Retype the listing found below exactly, but leave out each picture.

Supplied information:
┄┄┄┄┄┄

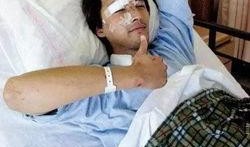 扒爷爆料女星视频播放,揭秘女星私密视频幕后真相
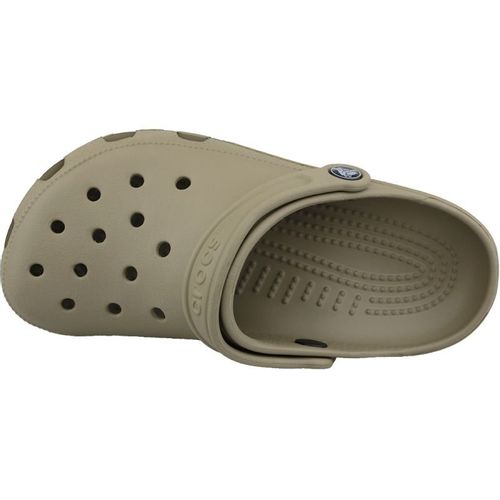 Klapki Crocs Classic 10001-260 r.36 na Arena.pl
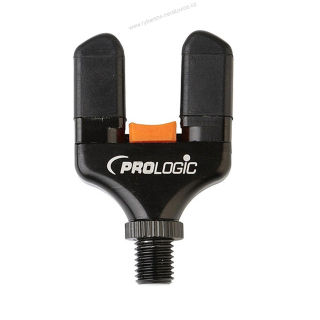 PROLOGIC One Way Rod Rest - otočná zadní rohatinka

┄┄┄┄┄┄

Answer below:
 扒爷爆料女星视频播放,揭秘女星私密视频幕后真相
 Klapki Crocs Classic 10001-260 r.36 na Arena.pl
 PROLOGIC One Way Rod Rest - otočná zadní rohatinka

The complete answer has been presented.